Task to complete — Go through the data and copy each line where the word "modern" shows up.

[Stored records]
· · · · ·

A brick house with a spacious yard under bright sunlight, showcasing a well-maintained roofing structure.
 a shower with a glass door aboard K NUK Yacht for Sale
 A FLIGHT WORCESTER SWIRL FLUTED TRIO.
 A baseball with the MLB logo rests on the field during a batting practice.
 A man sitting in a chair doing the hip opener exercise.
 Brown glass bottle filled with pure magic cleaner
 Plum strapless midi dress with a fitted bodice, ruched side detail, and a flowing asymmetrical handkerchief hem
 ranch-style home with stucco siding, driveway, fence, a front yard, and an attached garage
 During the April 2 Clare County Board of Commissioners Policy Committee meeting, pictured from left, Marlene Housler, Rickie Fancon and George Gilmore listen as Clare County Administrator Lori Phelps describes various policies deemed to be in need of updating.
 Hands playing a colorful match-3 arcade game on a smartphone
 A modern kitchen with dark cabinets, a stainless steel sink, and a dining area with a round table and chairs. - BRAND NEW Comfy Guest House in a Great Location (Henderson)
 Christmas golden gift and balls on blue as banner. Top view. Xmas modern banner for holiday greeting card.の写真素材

· · · · ·

Exercise result —
 A modern kitchen with dark cabinets, a stainless steel sink, and a dining area with a round table and chairs. - BRAND NEW Comfy Guest House in a Great Location (Henderson)
 Christmas golden gift and balls on blue as banner. Top view. Xmas modern banner for holiday greeting card.の写真素材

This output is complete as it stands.